By Eric B. Meyer
Look out for that flying pig!
No, it’s true. The National Labor Relations Board actually sided with an employer on a social-media related issue. The NLRB even has a press release.
Quoted below from the press release is a summary of the decision and the Board’s findings:
The National Labor Relations Board has found that the firing of a BMW salesman for photos and comments posted to his Facebook page did not violate federal labor law, because the activity was not concerted or protected. …
The National Labor Relations Act protects the group actions of employees who are discussing or trying to improve their terms and conditions of employment. An individual’s actions can be protected if they are undertaken on behalf of a group, but the judge found, and the Board agreed, that was not the case here.
As Judge Biblowitz wrote, “It was posted solely by [the employee], apparently as a lark, without any discussion with any other employee of the Respondent, and had no connection to any of the employees’ terms and conditions of employment. It is so obviously unprotected that it is unnecessary to discuss whether the mocking tone of the posting further affects the nature of the posting.”

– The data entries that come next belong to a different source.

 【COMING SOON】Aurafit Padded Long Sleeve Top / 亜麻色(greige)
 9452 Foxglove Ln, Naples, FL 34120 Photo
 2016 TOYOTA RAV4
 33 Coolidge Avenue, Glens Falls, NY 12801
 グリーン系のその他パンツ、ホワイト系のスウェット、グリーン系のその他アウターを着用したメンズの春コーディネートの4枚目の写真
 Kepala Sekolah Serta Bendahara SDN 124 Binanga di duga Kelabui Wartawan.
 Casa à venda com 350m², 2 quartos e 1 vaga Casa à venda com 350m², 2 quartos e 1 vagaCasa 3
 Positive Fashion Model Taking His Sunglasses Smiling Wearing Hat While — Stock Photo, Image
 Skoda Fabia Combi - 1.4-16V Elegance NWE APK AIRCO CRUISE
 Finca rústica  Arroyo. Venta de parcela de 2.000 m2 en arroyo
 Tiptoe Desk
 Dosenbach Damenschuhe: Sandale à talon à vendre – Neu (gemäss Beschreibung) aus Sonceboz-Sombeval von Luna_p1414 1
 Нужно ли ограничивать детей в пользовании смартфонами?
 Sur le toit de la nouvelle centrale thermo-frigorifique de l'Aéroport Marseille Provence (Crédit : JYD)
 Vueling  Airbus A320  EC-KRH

But, this wasn’t a total employer victory.
As I predicted a year ago, the Board found that a company rule asking employees not to be disrespectful or use language which injures the image or reputation of the employer violates the National Labor Relations Act. The Board reasoned that “the Respondent would regard statements of protest or criticism as “disrespectful” or “injur[ious] [to] the image or reputation of the Dealership.”